§ How to complete this task:
From the entries below, retype only the lines from the one with "Сережки Xuping Позолота" through the one with "Women's 5pk Cotton", exactly as written.
____ Data provided
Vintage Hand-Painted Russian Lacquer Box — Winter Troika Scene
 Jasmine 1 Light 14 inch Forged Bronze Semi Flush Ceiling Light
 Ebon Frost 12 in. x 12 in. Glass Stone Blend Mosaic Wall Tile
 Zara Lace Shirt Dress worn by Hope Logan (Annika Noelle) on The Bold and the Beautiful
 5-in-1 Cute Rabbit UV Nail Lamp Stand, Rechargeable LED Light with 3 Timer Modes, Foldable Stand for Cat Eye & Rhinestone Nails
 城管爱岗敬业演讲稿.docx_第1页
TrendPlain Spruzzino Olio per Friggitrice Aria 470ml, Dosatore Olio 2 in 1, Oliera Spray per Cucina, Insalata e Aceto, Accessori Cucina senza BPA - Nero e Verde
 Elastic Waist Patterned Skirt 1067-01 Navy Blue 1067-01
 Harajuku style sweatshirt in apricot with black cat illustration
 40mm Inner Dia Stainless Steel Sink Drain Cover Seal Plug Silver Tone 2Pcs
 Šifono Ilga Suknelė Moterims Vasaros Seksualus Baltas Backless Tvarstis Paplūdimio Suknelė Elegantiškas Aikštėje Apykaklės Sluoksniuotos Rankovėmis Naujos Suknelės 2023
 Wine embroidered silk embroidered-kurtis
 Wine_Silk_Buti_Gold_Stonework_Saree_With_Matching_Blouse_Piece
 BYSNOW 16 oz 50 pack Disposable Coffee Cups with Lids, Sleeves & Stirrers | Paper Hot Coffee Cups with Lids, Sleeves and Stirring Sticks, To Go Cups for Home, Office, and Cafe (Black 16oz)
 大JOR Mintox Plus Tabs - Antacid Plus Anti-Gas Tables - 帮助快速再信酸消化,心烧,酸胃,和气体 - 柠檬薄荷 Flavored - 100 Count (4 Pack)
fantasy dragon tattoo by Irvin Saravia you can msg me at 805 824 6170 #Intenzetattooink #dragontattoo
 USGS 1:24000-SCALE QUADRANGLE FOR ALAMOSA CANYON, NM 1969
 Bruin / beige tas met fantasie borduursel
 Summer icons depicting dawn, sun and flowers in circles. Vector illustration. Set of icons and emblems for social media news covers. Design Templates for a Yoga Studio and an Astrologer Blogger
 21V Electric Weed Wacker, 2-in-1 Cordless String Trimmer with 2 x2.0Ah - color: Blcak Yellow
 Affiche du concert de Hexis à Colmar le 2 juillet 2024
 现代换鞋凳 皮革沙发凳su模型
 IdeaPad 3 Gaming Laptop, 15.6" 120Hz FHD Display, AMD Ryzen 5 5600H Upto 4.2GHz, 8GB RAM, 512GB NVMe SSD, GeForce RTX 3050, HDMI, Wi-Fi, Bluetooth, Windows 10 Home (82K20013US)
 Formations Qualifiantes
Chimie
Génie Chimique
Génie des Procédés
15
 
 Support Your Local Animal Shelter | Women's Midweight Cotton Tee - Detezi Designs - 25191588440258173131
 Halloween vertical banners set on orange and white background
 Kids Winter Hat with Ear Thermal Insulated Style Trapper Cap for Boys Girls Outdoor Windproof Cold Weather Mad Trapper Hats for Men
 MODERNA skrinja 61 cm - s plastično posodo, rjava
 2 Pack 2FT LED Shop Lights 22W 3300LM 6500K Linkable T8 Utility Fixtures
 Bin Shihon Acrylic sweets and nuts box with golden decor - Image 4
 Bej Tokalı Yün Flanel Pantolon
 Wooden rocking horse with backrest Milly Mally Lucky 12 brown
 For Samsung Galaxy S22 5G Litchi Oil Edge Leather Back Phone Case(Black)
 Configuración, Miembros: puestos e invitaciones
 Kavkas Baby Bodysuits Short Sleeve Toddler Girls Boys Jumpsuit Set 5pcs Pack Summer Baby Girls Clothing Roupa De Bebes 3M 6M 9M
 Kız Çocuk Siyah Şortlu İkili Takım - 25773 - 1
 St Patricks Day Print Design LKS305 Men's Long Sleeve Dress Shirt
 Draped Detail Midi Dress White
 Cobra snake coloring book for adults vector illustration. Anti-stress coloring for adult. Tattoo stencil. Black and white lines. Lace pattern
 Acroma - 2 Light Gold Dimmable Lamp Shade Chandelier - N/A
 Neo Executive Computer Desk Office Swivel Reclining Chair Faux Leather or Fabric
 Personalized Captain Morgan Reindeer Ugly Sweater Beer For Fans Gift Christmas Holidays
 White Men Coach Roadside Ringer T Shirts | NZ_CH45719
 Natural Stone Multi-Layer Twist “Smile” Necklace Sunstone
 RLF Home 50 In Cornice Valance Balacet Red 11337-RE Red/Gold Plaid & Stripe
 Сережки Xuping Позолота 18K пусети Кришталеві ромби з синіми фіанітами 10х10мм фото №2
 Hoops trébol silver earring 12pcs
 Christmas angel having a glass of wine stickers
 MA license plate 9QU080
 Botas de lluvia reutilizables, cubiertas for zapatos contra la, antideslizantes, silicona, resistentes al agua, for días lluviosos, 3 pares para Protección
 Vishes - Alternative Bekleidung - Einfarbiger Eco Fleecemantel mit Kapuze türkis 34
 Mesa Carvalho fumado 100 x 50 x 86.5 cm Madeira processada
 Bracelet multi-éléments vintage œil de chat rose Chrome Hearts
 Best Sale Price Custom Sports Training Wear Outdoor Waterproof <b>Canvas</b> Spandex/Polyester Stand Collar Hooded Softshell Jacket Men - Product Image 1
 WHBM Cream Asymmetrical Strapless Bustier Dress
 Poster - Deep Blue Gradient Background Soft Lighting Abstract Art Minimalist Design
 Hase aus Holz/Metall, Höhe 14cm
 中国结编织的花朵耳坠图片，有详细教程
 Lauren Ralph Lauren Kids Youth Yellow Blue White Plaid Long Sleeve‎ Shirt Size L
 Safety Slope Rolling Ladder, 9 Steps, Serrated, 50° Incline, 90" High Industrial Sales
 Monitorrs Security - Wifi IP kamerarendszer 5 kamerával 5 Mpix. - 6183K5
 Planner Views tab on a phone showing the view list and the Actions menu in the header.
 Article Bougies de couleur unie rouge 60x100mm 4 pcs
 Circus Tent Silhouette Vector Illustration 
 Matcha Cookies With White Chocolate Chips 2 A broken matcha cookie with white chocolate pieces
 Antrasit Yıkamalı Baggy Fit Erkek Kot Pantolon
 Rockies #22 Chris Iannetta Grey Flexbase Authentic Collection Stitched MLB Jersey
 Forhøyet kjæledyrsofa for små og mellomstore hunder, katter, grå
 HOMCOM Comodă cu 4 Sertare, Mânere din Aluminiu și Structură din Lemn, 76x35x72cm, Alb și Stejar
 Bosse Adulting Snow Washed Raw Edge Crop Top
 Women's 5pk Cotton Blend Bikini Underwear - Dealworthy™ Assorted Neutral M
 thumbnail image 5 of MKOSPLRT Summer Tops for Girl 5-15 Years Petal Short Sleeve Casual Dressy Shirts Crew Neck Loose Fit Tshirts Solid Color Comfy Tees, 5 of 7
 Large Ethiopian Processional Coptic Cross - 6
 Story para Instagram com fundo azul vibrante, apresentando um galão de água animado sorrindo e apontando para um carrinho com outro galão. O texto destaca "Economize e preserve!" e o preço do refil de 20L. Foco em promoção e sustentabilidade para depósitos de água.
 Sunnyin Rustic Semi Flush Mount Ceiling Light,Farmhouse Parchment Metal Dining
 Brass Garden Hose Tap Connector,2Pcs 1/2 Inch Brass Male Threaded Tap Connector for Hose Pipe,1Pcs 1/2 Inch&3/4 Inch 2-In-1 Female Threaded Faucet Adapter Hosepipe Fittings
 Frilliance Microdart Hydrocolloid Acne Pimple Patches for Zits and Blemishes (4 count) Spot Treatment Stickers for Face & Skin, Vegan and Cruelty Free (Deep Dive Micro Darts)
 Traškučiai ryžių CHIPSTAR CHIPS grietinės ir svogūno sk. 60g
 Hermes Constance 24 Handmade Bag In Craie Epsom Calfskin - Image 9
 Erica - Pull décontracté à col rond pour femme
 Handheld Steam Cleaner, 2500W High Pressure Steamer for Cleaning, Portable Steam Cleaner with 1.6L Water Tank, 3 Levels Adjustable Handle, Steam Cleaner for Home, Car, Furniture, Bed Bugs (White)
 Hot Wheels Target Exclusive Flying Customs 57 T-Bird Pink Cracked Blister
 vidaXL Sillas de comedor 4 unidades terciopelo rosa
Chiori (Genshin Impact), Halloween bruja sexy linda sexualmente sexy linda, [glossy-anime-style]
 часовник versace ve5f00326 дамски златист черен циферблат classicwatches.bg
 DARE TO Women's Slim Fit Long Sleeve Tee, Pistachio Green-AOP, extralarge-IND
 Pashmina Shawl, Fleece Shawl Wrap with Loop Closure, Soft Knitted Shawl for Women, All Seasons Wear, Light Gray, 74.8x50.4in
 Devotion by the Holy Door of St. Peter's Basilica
________
§ Expected answer:
 Сережки Xuping Позолота 18K пусети Кришталеві ромби з синіми фіанітами 10х10мм фото №2
 Hoops trébol silver earring 12pcs
 Christmas angel having a glass of wine stickers
 MA license plate 9QU080
 Botas de lluvia reutilizables, cubiertas for zapatos contra la, antideslizantes, silicona, resistentes al agua, for días lluviosos, 3 pares para Protección
 Vishes - Alternative Bekleidung - Einfarbiger Eco Fleecemantel mit Kapuze türkis 34
 Mesa Carvalho fumado 100 x 50 x 86.5 cm Madeira processada
 Bracelet multi-éléments vintage œil de chat rose Chrome Hearts
 Best Sale Price Custom Sports Training Wear Outdoor Waterproof <b>Canvas</b> Spandex/Polyester Stand Collar Hooded Softshell Jacket Men - Product Image 1
 WHBM Cream Asymmetrical Strapless Bustier Dress
 Poster - Deep Blue Gradient Background Soft Lighting Abstract Art Minimalist Design
 Hase aus Holz/Metall, Höhe 14cm
 中国结编织的花朵耳坠图片，有详细教程
 Lauren Ralph Lauren Kids Youth Yellow Blue White Plaid Long Sleeve‎ Shirt Size L
 Safety Slope Rolling Ladder, 9 Steps, Serrated, 50° Incline, 90" High Industrial Sales
 Monitorrs Security - Wifi IP kamerarendszer 5 kamerával 5 Mpix. - 6183K5
 Planner Views tab on a phone showing the view list and the Actions menu in the header.
 Article Bougies de couleur unie rouge 60x100mm 4 pcs
 Circus Tent Silhouette Vector Illustration 
 Matcha Cookies With White Chocolate Chips 2 A broken matcha cookie with white chocolate pieces
 Antrasit Yıkamalı Baggy Fit Erkek Kot Pantolon
 Rockies #22 Chris Iannetta Grey Flexbase Authentic Collection Stitched MLB Jersey
 Forhøyet kjæledyrsofa for små og mellomstore hunder, katter, grå
 HOMCOM Comodă cu 4 Sertare, Mânere din Aluminiu și Structură din Lemn, 76x35x72cm, Alb și Stejar
 Bosse Adulting Snow Washed Raw Edge Crop Top
 Women's 5pk Cotton Blend Bikini Underwear - Dealworthy™ Assorted Neutral M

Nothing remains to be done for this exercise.